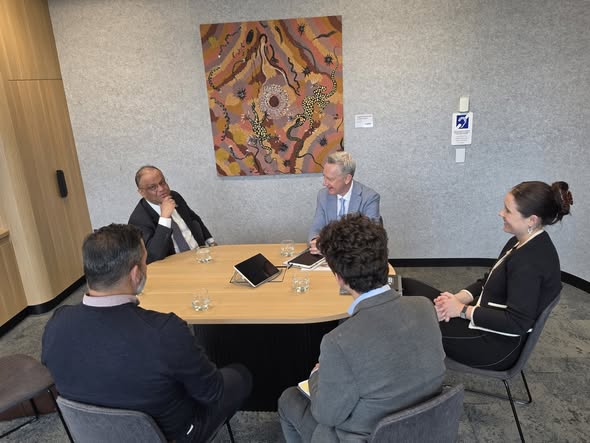 Australia-India education ties in focus at Victoria University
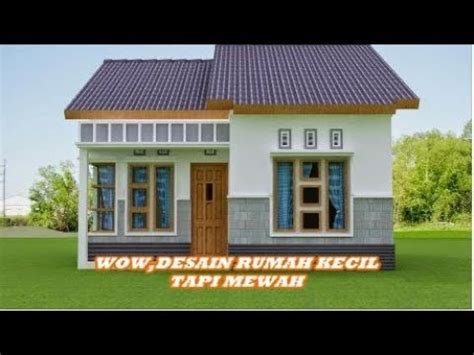 Model rumah sederhana tapi mewah ukuran 6×9. WOW,DESAIN RUMAH KECIL TAPI MEWAH TERBARU 2018 - YouTube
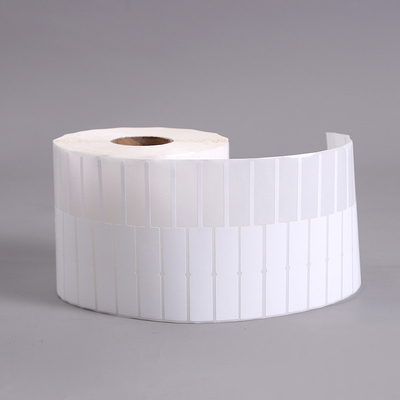Direct thermisch PP film sieraden etiketten glazen sticker label rol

* [Directions]: Write the listing out exactly, word for word, but omit the pictures.

* [Solution to the exercise]:
 Australia-India education ties in focus at Victoria University
 Model rumah sederhana tapi mewah ukuran 6×9. WOW,DESAIN RUMAH KECIL TAPI MEWAH TERBARU 2018 - YouTube
Direct thermisch PP film sieraden etiketten glazen sticker label rol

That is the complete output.